Exercise details: Leave the pictures out. Return all other data exactly.

§ §

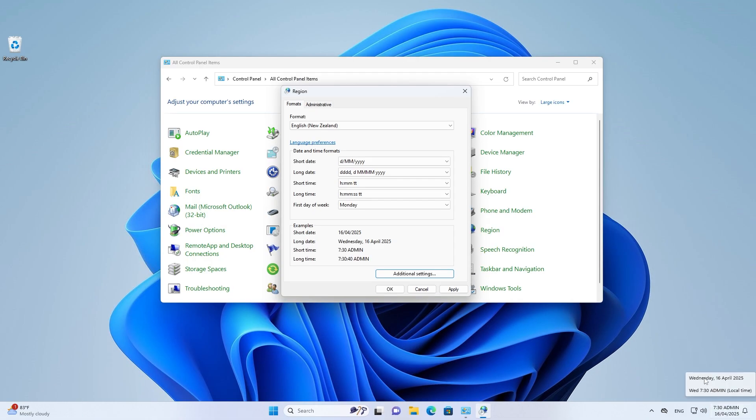Now if you ever want to undo the changes, you can just go back to the previous steps we did and restore the default AM and PM symbols, just like this.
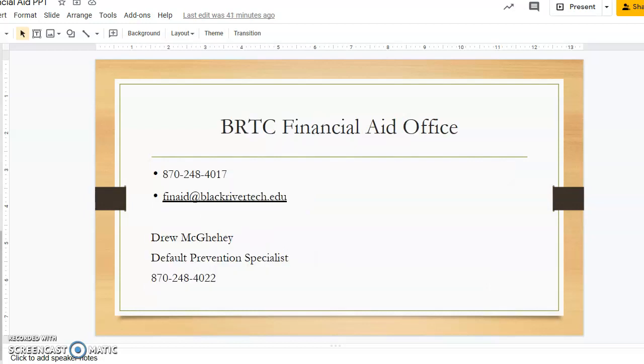Please call or email your BRTC financial aid office with any questions pertaining to financial aid.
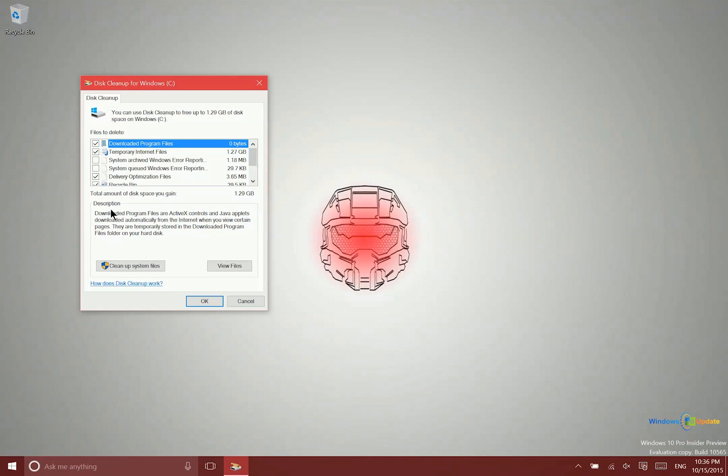So just a quick tip for you on clearing out space so you can use your system fully. Thanks for watching.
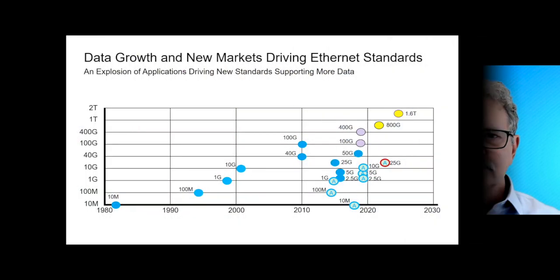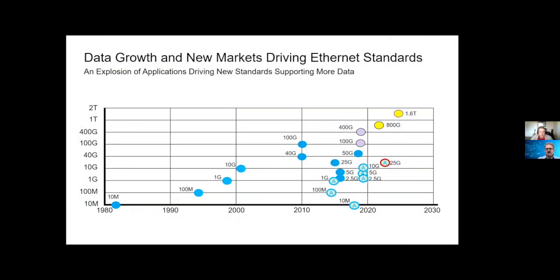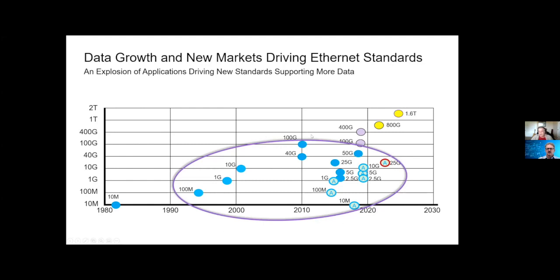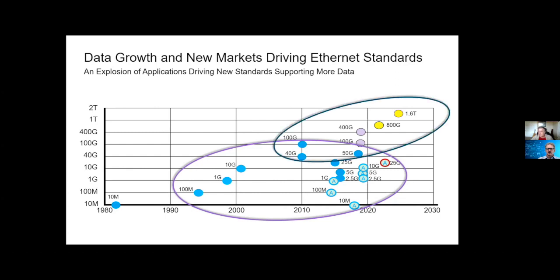Let's drill down into this. This is a chart that shows how Ethernet has changed over time. You go back to the early days when it was 10 meg, which lasted quite a while, then moved to 10/100 and 1 gig, which was the standard for a long time. Then for data centers, 10 gig came out. Ethernet has really exploded with all the new standards supporting different applications — automotive, which is an HPC platform on wheels, generating tons of data. But for 1.6 terabit, this is really going to be focused on data centers.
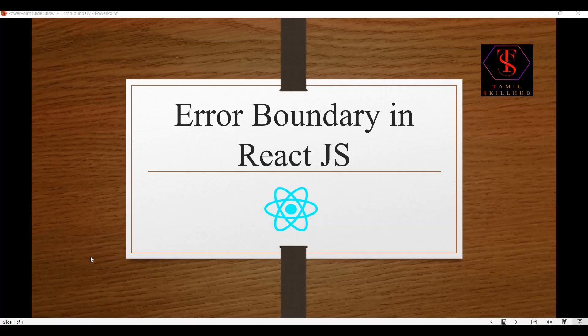Hi guys, welcome to Tamil Skil Lab YouTube channel. What we're going to talk about is the topic of error boundary. If we use error boundary, we don't want to try and catch the error in the programming language. If we don't want to throw it in child components, the error boundary reflects our fallback and display. We can capture errors in child components and log the information or send information.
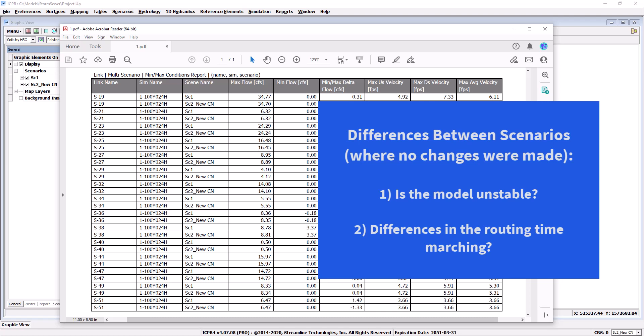The first reason is that there could be instability within the model. This is the most common cause. The second reason is that the model is marching through time differently due to the input data change. In either case be aware that differences are often more pronounced in models that have very little storage.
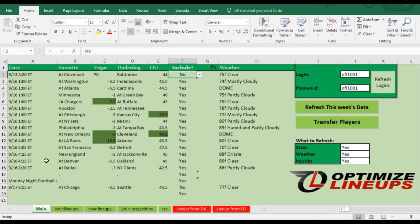Hey everyone, in this video I want to show you how to use our Lineup Optimizer spreadsheet tool to create lineups based on projections.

§ §

Reply to the task:
Now if you ever want to undo the changes, you can just go back to the previous steps we did and restore the default AM and PM symbols, just like this.
Please call or email your BRTC financial aid office with any questions pertaining to financial aid.
So just a quick tip for you on clearing out space so you can use your system fully. Thanks for watching.
Let's drill down into this. This is a chart that shows how Ethernet has changed over time. You go back to the early days when it was 10 meg, which lasted quite a while, then moved to 10/100 and 1 gig, which was the standard for a long time. Then for data centers, 10 gig came out. Ethernet has really exploded with all the new standards supporting different applications — automotive, which is an HPC platform on wheels, generating tons of data. But for 1.6 terabit, this is really going to be focused on data centers.
Hi guys, welcome to Tamil Skil Lab YouTube channel. What we're going to talk about is the topic of error boundary. If we use error boundary, we don't want to try and catch the error in the programming language. If we don't want to throw it in child components, the error boundary reflects our fallback and display. We can capture errors in child components and log the information or send information.
The first reason is that there could be instability within the model. This is the most common cause. The second reason is that the model is marching through time differently due to the input data change. In either case be aware that differences are often more pronounced in models that have very little storage.
Hey everyone, in this video I want to show you how to use our Lineup Optimizer spreadsheet tool to create lineups based on projections.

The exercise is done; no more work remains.